1966: 1964 Fender Esquire sunburst (vintage unknown): McCartney bought this single-pickup Telecaster model during the Revolver sessions and had the strap button moved to the "horn" side of the body.  Also used on "Good Morning, Good Morning" and "Helter Skelter."   As far as I know, McCartney still has this guitar.

 
 
 


1968:C.F. Martin D-28 acoustic: This sweet-sounding dreadnaught surfaced during the "White Album" sessions (it's the one used on "Blackbird"), and can be seen in the "Two of Us" scene in the "Let It Be" film.  Its serial number, 223757, identifies it as a 1967 model.

 
 
 
1968: 1966 Fender Jazz Bass:  Apparently not part of Fender's "gift package" of guitars and amps (they'd included a right-handed Jazz Bass), this sunburst model shows up in Abbey Road studio photos from "White Album" sessions.  Its oval-shaped tuners are peculiar to the 1966 model year; Fender basses otherwise featured "clover leaf" tuners.  According to Walter Everett in The Beatles as Musicians (Volume 1), this Jazz Bass is played on five tracks: "Yer Blues," "Glass Onion," "While My Guitar Gently Weeps," "Sun King" and "Mean Mr. Mustard."   [Everett infers that the right-handed model was also used during the sessions, by Lennon ("Helter Skelter") and Harrison ("Back in the USSR.")]  McCartney's kept most of his instruments, and this probably is no exception.

 
The Faux Hofner
Many stories have circulated over the years about a special Hofner 500/1 with gold-plated hardware presented to McCartney.  Most accounts agree that in 1964 Brian Epstein struck a deal with Selmer, the company that imported Hofner basses in England: McCartney would endorse their line of violin basses on little "swing tags" on each instrument (see photo below, from the Bell catalog), and Selmer would give Epstein a piece of the action (£5 a pop) and McCartney a swanky new bass. 

The most comprehensive scrutiny into this matter has been done by Andy Babiuk.  In his excellent book Beatles gear  Babiuk did a masterful job of unscrambling what happened after the ink dried.  After Selmer made the presentation (the photos of the event have been lost), it apparently kept the special 500/1 to exhibit in an upcoming trade show, then either returned it to stock, which seems unlikely, or sent it to McCartney at NEMS or Abbey Road, where it was promptly stolen. 

It surfaced the next year in a music shop in Luton, where a young bassist by the name of John Bunning bought it for £65.  Apparently Bunning knew of the McCartney connection, because he bragged about it to a local newspaper, yet in '71 he traded it to a friend, as Babiuk reports.  The friend sold it to Jim Marshall, who ran a music store in Bletchley.  Marshall sold it to a fellow named Stephen Boyce, who played it for 10 years.  After Mr. Boyce passed away, his widow sold it to a music store in Biggleswade for £200.  That outfit called around looking for a replacement pickguard, and when they contacted Music Ground in Doncaster, an intrigued Justin Harrison bought the bass for £800.  Harrison figured out what he had, calculated its value at £4,500 and offered it for auction at Sotheby's in 1994, but without proper documentation the bass didn't sell. 

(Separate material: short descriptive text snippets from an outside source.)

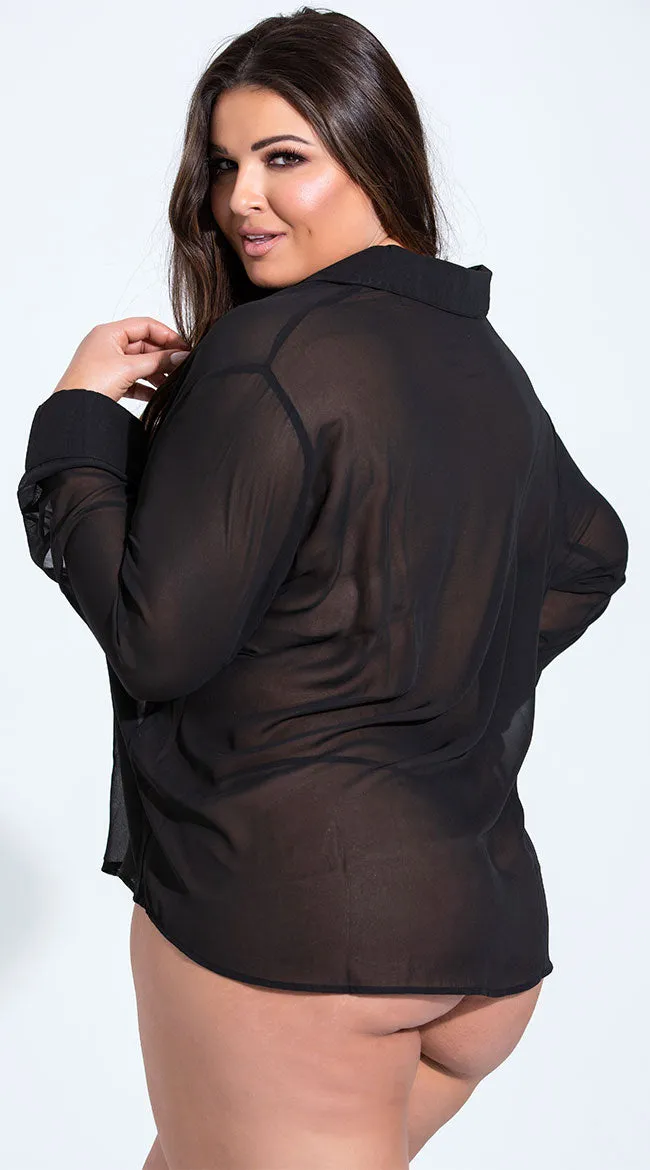 Plus Size French Cuffed Button Down Sleep Shirt
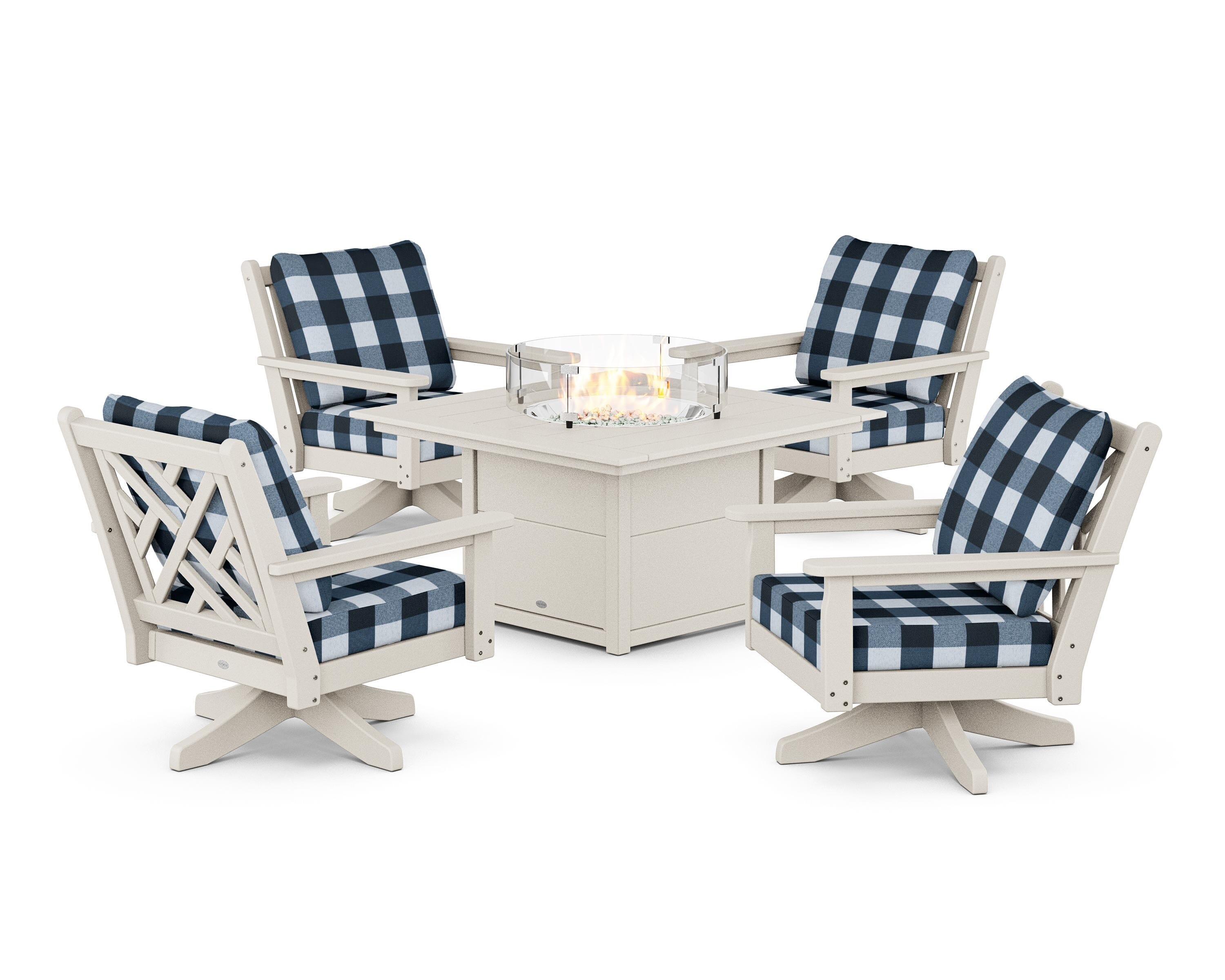 POLYWOOD® Chippendale 5-Piece Deep Seating Swivel Conversation Set with Fire Pit Table in Sand / Buffalo Plaid Marine Indigo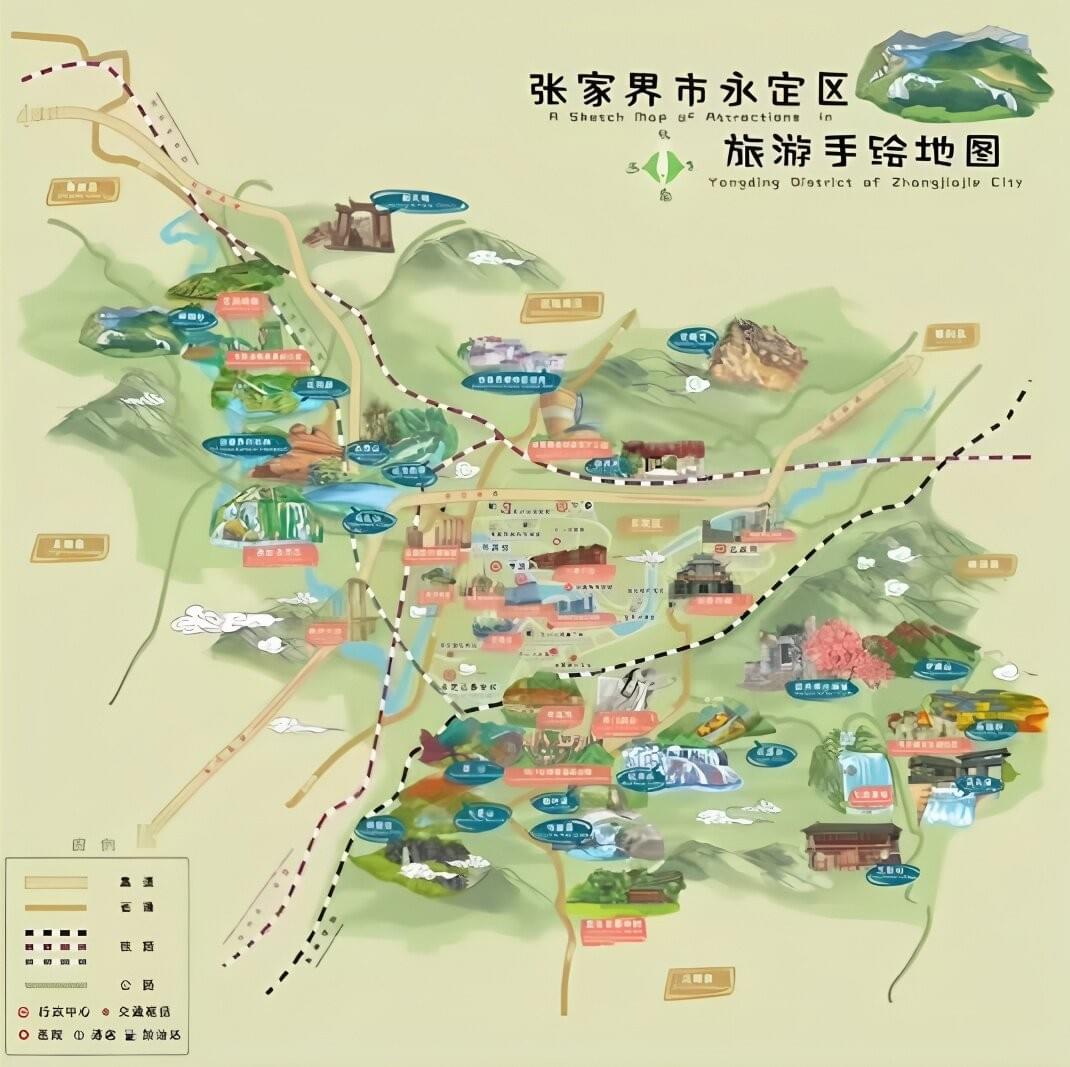 Zhangjiajie District Tourist Map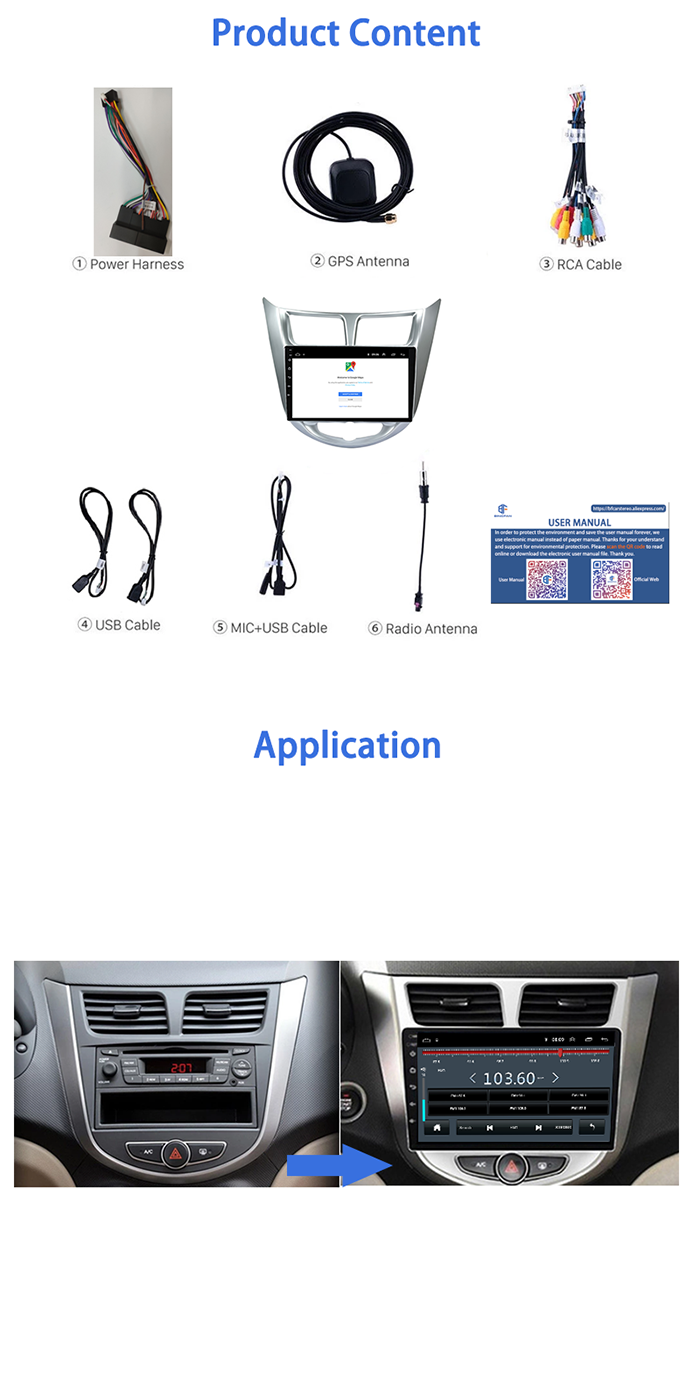 CE Hyundai Touch Screen Radio 2.5D IPS 10 Inch For Hyundai Accent Verna Solaris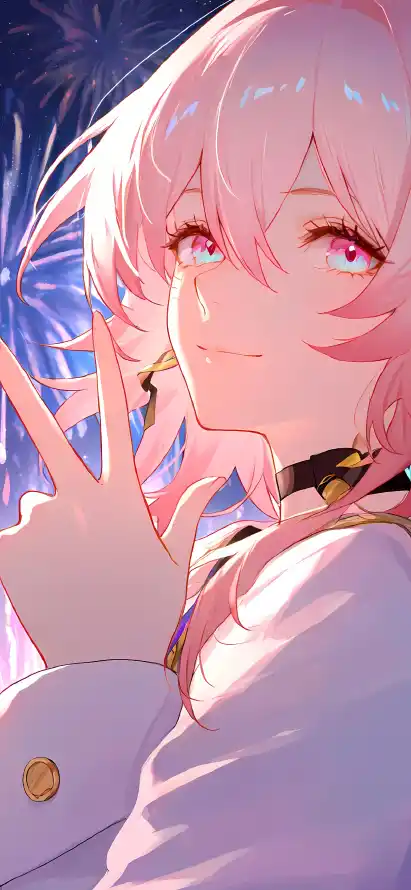 4k崩坏壁纸 - 烟花 - 三月七 - 二次元「哲风壁纸」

In '97 Music Ground tried again to auction the bass, this time in Tokyo through Bonhams, but their claim that McCartney had played the bass as a Beatle was shot down by various parties, including a British consumer-rights TV show -- and McCartney himself.  Eventually the bass went at auction but for some reason the sale was never finalized, so Music Ground still has this instrument. 

What can be said about this bass?  Well, Paul McCartney touched it. 

Note: In 2000, someone got hold of the paperwork on this guitar and brought it, 
along with a late '90s reissue model, to the Rock and Roll Hall of Fame, where an inept curator declared it genuine and hung it on the wall. 
When  its true vintage was pointed out, this "fake faux" was taken down more or less promptly.  Don't be afraid to ask questions, kids.